Wir fürchten uns vor den falschen Amis

Niemand kann uns zwingen, gentechnisch veränderte Lebensmittel zu essen. Datensammeln ist gefährlicher.
Helmut Brandstätter

Helmut Brandstätter

Wenn man sich schon fürchten will, dann eher vor der Bedrohung durch Datenriesen.

von Dr. Helmut Brandstätter

über Datenschutz

Der Präsident der österreichischen Landwirtschaftskammer, Hermann Schultes, ist ein mutiger Mann. Im KURIER-Interview sprach er sich für das Handelsabkommen mit den USA aus, wenn es gut ausgehandelt ist, also vor allem unsere hervorragenden Lebensmittel vor dem Kopieren beschützt. Dafür wird Schultes, auch auf kurier.at, heftig beschimpft. "Bezahlter Lobbyist der USA", heißt es da etwa. Eine differenzierte Betrachtung der Fakten ist nicht immer der Stil der TTIP-Gegner, sie argumentieren eher kleinformatig.

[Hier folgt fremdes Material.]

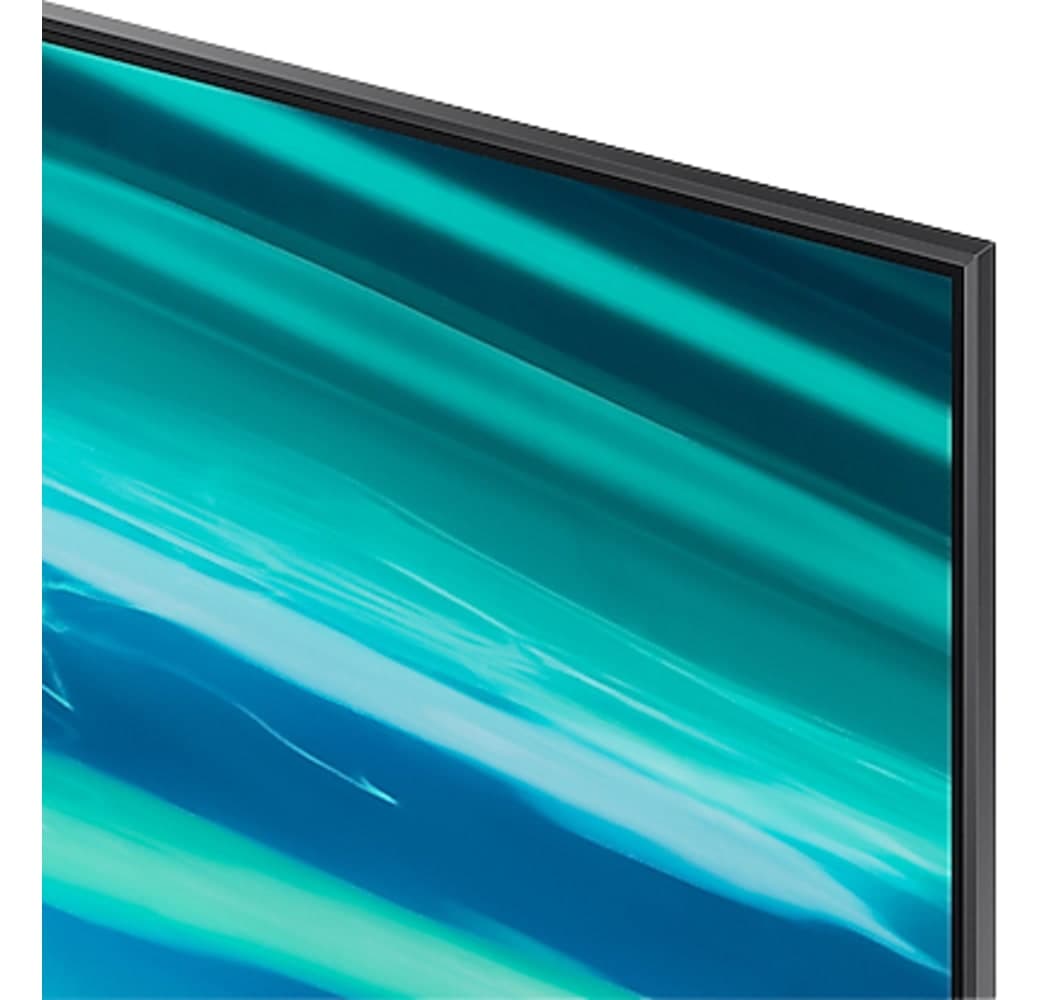 Black Samsung TV 65" GQ65Q80AATXZG QLED 4K.3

Dafür wird ausgerechnet auch auf Facebook gegen einen verstärkten Handel zwischen den USA und der EU kampagnisiert. Facebook aber fragt nicht lange, sondern verwendet die Daten der Benutzer, ge- oder missbraucht diese für Werbung und ändert gerade seine Geschäftsbedingungen, um das permanente Datensammeln auch noch zu legalisieren. Inzwischen sind rund 3,4 Millionen Österreicher angemeldet, weltweit sind es rund 1,4 Milliarden Menschen. Und die meisten von ihnen sind sich nicht der Tatsache bewusst, dass Facebook nur theoretisch gratis ist. Mit den abgesaugten Daten werden Milliardengewinne gemacht, von denen in Europa so gut wie nichts hängen bleibt. Das Geschäftsmodell und die Steuerpraxis von Facebook und anderen – überwiegend US-amerikanischen Datensaugern – schädigt schon jetzt unsere Wirtschaft. Und das ist nur der Anfang. Wir fürchten uns vor angeblich bösen Lebensmitteln, während wirklich böse Datenplattformen, die noch besser verknüpft werden sollen, uns wirtschaftlich ernsthaft bedrohen.

Weltweite, riesige Datensammlungen

"Wir sind reich und hysterisch, das macht die TTIP-Debatte so schwierig", meinte der deutsche Wirtschaftsminister Sigmar Gabriel (SPD) kürzlich beim Weltwirtschaftsforum in Davos. Sein Urteil für Deutschland könnte auch für Österreich gelten. Das Problem ist nur, dass wir nicht mehr lange reich sein werden. Österreich schrammt gerade an einer Rezession vorbei, Besserung ist nicht in Sicht. In einer solchen Lage wehren wir uns gegen mehr Handel. Ernsthaft? Dazu kommt, dass unsere Regierung, aufgerieben zwischen Saudi-Zentrum und Steuerstreit und im Wettlauf um schärfere Strafen für Integrationsverweigerer, die wahre amerikanische Bedrohung nicht verstehen kann oder will.

Facebook, Google oder Amazon, das sind Konzerne, die unabhängig von ihrem offiziellen Geschäftszweck riesige, weltweite Datensammlungen aufbauen. Das macht sie unendlich reich und gleichzeitig unendlich gefährlich. Wir alle, auch Medienhäuser wie der KURIER, wollen mit Facebook und Co. kooperieren, aber zu fairen Bedingungen. Diese müsste die EU endlich schaffen.

Interessant ist auch, dass Konsumentenschützer in Österreich hinter jedem zu stark gezuckerten Joghurt her sind und Datenschützer sich um die Sammlung von Telefondaten sorgen. Wenn man sich schon fürchten will, dann eher vor der Bedrohung durch Datenriesen.